The Main Stream Of New England
Flowing from the Canadian border to Long Island Sound, nourishing both industry and agriculture, and carrying on its back sailing sloops, steamships, and pleasure craft, the Connecticut River has been for three hundred years.
April 1967 | Volume 18, Issue 3
During the next few years groups from Massachusetts led by Thomas Hooker and others made settlements along the river at Hartford and Wethersfield. Thus was established the nucleus of the Connecticut colony. One eminent historian, Charles M. Andrews, maintains, in the face of some skepticism, that “every acre … was honestly obtained.” In any case, the land was worthless to the unwarlike river tribes without the Englishman’s musket. Soon the settlers and their Indian friends had to contend with and later decimate the Pequots. Eventually most of the red men disappeared before the onslaught of the white man’s diseases and the conversion of their hunting and fishing paradise into a land of villages and cultivated fields. Now the English had only the Dutch to deal with.
Considering their different objectives, it was inevitable that the English in their new settlements and the Dutch in their little fort would clash. Rarely on the frontier have agricultural and trading societies been able to live peacefully together. Out of this confrontation came the word that is now universally applied to citizens of the United States, “Yankee.” It probably derives from the Dutch diminutive of Jan, Janke (Johnny in English), and then, as now, one of the implications of the term was “rascal” or “brigand.” It was a common nickname among the Dutch buccaneers along the Spanish Main. Thus, it was natural for the Dutch traders to brand the Englishmen who coveted the rich meadowland around their post janke pirates.

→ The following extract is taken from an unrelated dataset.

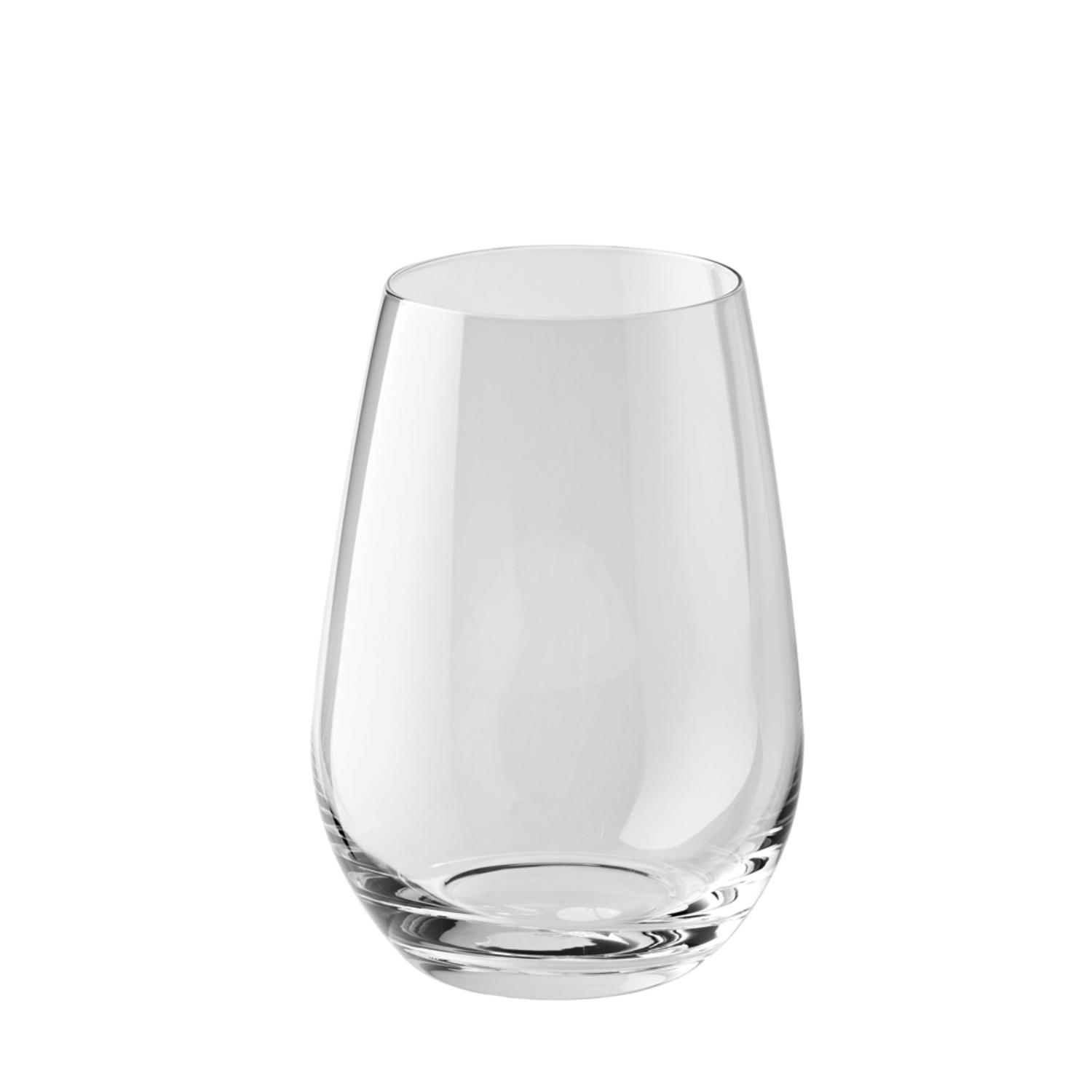 Zwilling J.A Henckels Predicat 19.1 oz Clear BPA Free Tumbler Sansujyuku sansujyuku.com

With families to feed, the Yankee newcomers soon commenced to encroach on Dutch territory, planting life-giving corn and other crops. The Dutch were too few and the English multiplying too fast for the struggle to be even; unable to resolve their legal claims and unwilling to risk open warfare, the Hollanders finally sailed downriver for good in 1654. A hundred years later the Yankee, by then a trader par excellence, was the butt of jokes everywhere he appeared. But he always bore proudly the nickname which had come to connote, in addition to “rascal,” one who was shrewd, inventive, and practical; and some would proclaim, as did the hero of Mark Twain’s A Connecticut Yankee in King Arthur’s Court: “I am an American. I was born and reared in Hartford, in the state of Connecticut. … So I am a Yankee of the Yankees. …”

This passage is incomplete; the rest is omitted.